Les grincheux trouvent qu’on n’y voit rien d’intéressant, aux approches des fêtes de fin d’année, mais il est absurde de raisonner ainsi, car c’est prouver qu’on ne lit pas.

Les annonces constituent une littérature où l’imagination luit d’un éclat tout particulier. Ces colonnes dans lesquelles s’entassent les clichés, longs, larges, oblongs, carrés, les signes cabalistiques, les têtes de sauvages, les spécifiques infaillibles, les médecines qui font engraisser, maigrir et même mourir; tous ces titres énumérant en grosses lettres les laideurs humaines, les maladies les plus tristes, les certificats de guérison les plus comiques; ici la réclame d’un usurier, là, une annonce d’un huissier fixant le jour d’une vente, ailleurs, les crèmes pour blanchir la peau, les teintures pour noircir les cheveux, le nom d’un pédicure, l’adresse d’un hôtelier, et partout des marchandises offertes invariablement à des prix défiant toute concurrence; tout cela ressemble à une lanterne magique qui projette sur l’écran mille sujets divers…
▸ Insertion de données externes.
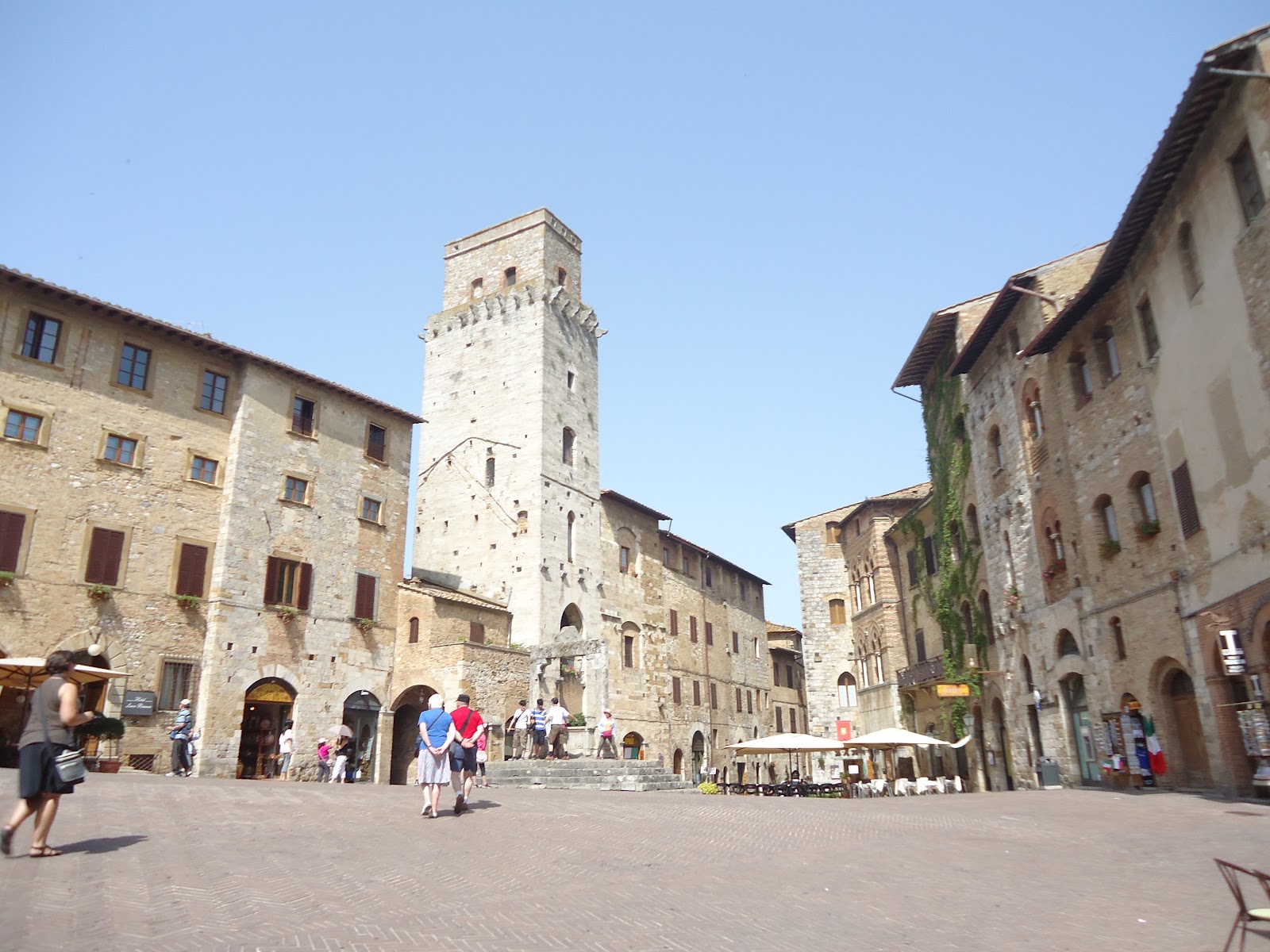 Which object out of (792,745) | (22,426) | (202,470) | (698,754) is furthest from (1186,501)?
(698,754)

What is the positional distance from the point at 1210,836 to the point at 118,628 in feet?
78.1

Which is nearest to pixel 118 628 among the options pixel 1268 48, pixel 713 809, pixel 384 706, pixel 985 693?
pixel 384 706

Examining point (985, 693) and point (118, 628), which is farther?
point (985, 693)

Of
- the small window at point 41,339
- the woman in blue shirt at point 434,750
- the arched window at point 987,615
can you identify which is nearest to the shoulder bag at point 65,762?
the woman in blue shirt at point 434,750

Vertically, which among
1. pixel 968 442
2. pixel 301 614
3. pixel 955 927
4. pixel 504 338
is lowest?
A: pixel 955 927

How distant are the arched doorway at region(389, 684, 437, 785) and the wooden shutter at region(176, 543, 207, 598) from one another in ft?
25.3

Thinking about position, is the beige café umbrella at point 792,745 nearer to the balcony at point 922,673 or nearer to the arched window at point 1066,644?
the balcony at point 922,673

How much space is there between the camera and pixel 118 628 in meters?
24.0

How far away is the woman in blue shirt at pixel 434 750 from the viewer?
43.4 feet

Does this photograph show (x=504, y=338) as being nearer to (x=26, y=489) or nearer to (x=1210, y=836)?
(x=26, y=489)

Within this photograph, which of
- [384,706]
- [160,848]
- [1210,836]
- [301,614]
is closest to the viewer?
[160,848]

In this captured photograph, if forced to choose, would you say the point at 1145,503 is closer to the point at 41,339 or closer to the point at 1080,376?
the point at 1080,376

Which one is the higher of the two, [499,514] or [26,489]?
[499,514]

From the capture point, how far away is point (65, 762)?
835 cm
Chacun vante sa marchandise et raconte son boniment à sa façon…

Celui-ci m’assure que l’on ne peut rien trouver de plus délicat à offrir comme cadeau de Noël qu’une douzaine de boîtes de cirage de X…; cet autre, au contraire, est d’avis qu’un pot-à-l’eau ferait bien mieux mon affaire; un troisième me fait signe et ma vante sa poudre à pâte, ou sa farine préparée; ailleurs, c’est un cordonnier qui me prie d’acheter ses bottes, un tailleurs m’offre des pantalons, le confiseur ses bonbons, etc., bref tout le monde est charlatan et je ne jurerais pas que l’entrepreneur de pompes funèbres ne nous offre pas ses cercueils.

* * *

Ces colonnes commerciales forment la danse macabre du siècle, où le grotesque le dispute parfois au sinistre et où l’on voit, Catholiques, Juifs, Protestants, Français, Anglais, Chinois, Allemands, etc., prendre place dans la ronde infernale.

C’est le terrain commun où se réunissent et se coudoient tous les chercheurs d’or.

L’annonce est en effet l’un des plus grands facteurs du commerce et de la fortune, c’est le lévrier qui fait lever le gibier que cherche le chasseur, c’est l’agent le plus puissant du négoce, c’est l’écriteau qui indique au client la route qu’il doit suivre pour mieux dépenser son argent et, quoi qu’on dise, quoi qu’on fasse, nous subissons tous son influence et nous l’employons au besoin dans notre intérêt.

Si drôle que ce soit, c’est la vie en petit, c’est l’image de l’humanité réduite à un cadre exigü.

À quoi bon s’en plaindre et ne vaut-il pas mieux ne voir dans l’annonce qu’un moyen intelligent de nous connaître, d’entrer en relations et de nous unir dans la lutte de la vie, sans distinction de croyances ou d’opinions.

Vous le voyez, on y trouve de tout et chacun peut choisir selon son goût et ses idées particulières.

 

Contribution à une histoire de la publicité québécoise.